I'm wanting to buy a moss to grow in a dark corner of my 90 gallon. I have kept java moss for years and love it but I fancied something a little different. I was thinking Christmas Moss or peacock moss but I know some mosses loose their form and just look like java moss without fairly high lighting. 

Any thoughts, experience? I want a moss but really it could be any moss as long as it has a nice form under low light conditions.


----------



## Mikolas (Jan 16, 2010)

What about willow moss? It is considered really slow to grow, but has a very natural look to it once it takes root.


----------



## snail (Aug 6, 2010)

I had something a bit more compact looking in mind like christmas moss or taiwan moss in mind although I do like willow moss, funnily enough I was given some yesterday. Do you have any experience growing it?


----------



## BBradbury (Apr 22, 2011)

Good morning snail...

Singapore moss grows extremely well in low light and as it gets taller, the branches get thicker. It does well attached to driftwood, but will grow attached to floating plants too.

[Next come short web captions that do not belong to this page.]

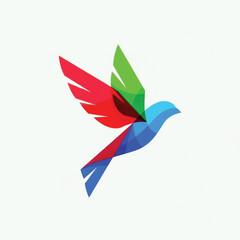Obraz premium Vibrant Geometric Hummingbird Logo in Bright Red Green Blue Tones for Design and Brand Identity.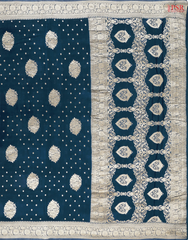 Dark Teal Blue Georgette Saree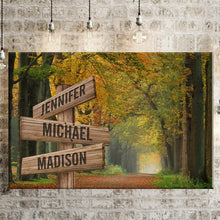 Load image into Gallery viewer, Autumn Trees Color Multi-Names Premium Canvas Poster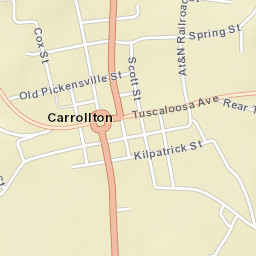 Carrollton Alabama Street Map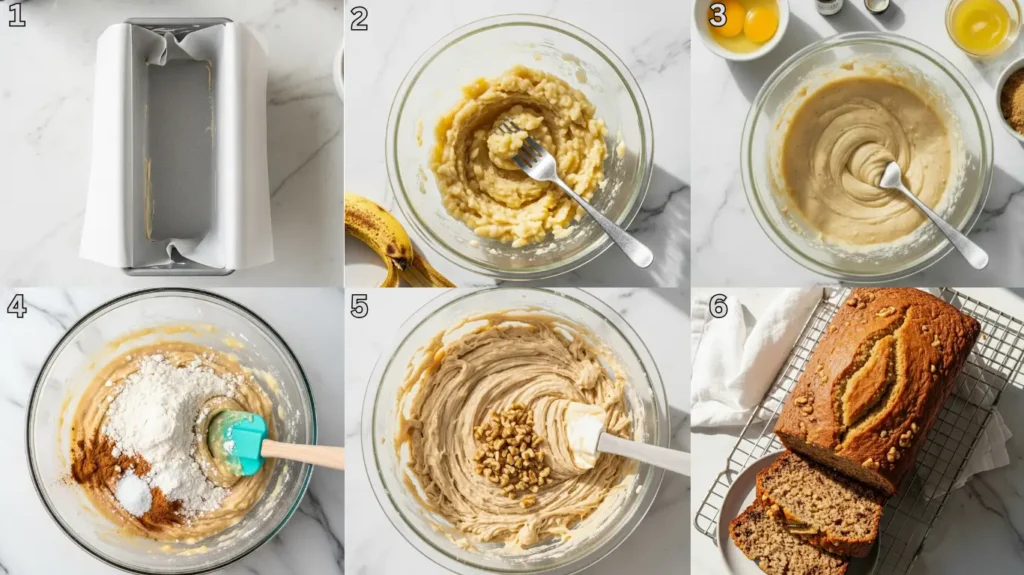 Banana Bread Recipe with 2 Bananas Step-by-Step Instructions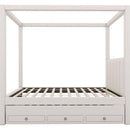 Twin Size Upholstery Canopy Platform Bed with Trundle and Three Storage Drawers, Beige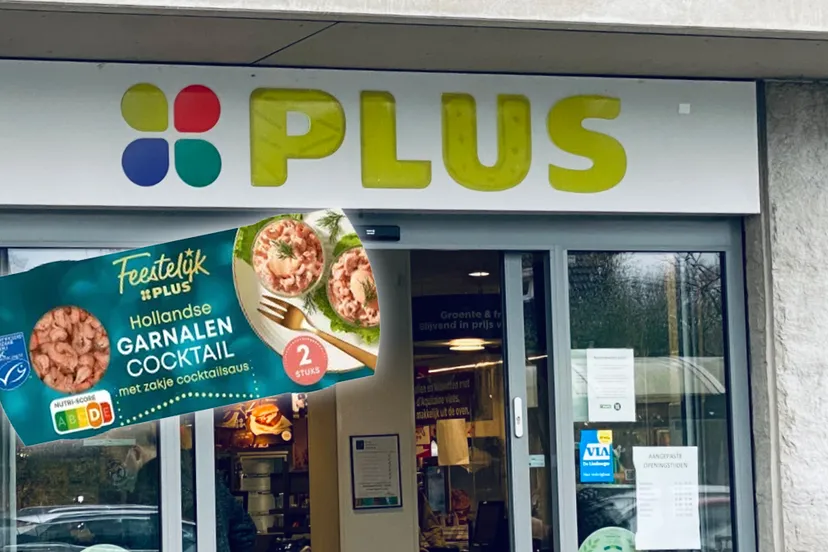 waarschuwing garnalenpakket plus supermarkt
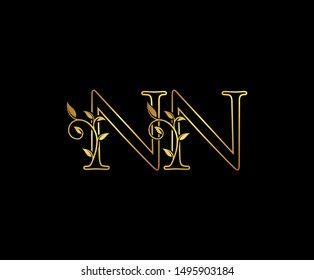Initial letter N and NN, Gold Logo Icon, classy gold letter monogram logo icon suitable for boutique,restaurant, wedding service, hotel or business identity.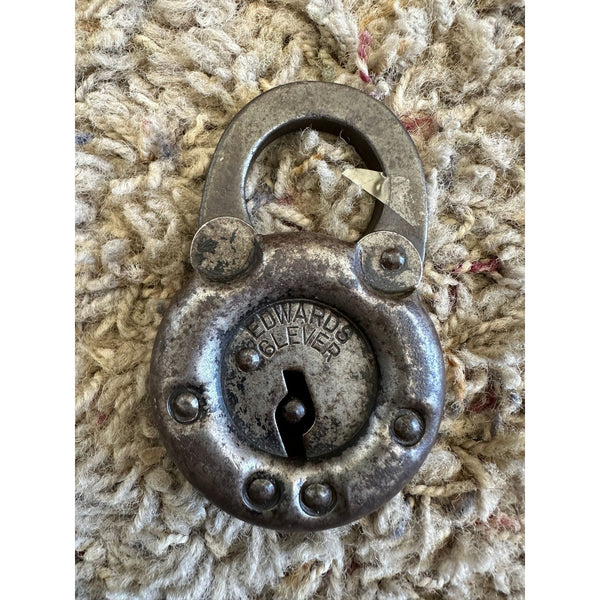 Edwards Antique 1915 6 Lever Iron Padlock Rustic Collectible Vintage USA Made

I've had it growing in a couple of my low tech, low light, 55 Gs for a few years and really like it.

Makes great cover for pregnant livebearers and the fry.

B


----------



## snail (Aug 6, 2010)

Thanks BBradbury, that's very helpful, have you tried other mosses too or just Singapore moss?


----------



## James0816 (Jun 19, 2009)

Peacock moss may be your best bet for lower light setups. Taiwan, Singapore and Christmas moss will "hold their own" but won't be as purtyful.


----------



## BBradbury (Apr 22, 2011)

snail said:


> Thanks BBradbury, that's very helpful, have you tried other mosses too or just Singapore moss?


Hello again snail...

Just the Singapore at this point. It came attached to driftwood and was on sale at the time. As with most mosses, it dies back at first, but will recover and in the right conditions, can get quite large. If you keep it in large tanks, it looks very nice.

I've found low light plants need a good fert dosed weekly and need the tank water changed weekly too. I dose a liquid hydroponics fert and change half the water in my tanks weekly. The combination of the macro nutrients from the clean water and the fish and the micros from the liquids keeps my plants growing and in good health.

Above everything else, have fun!

B


----------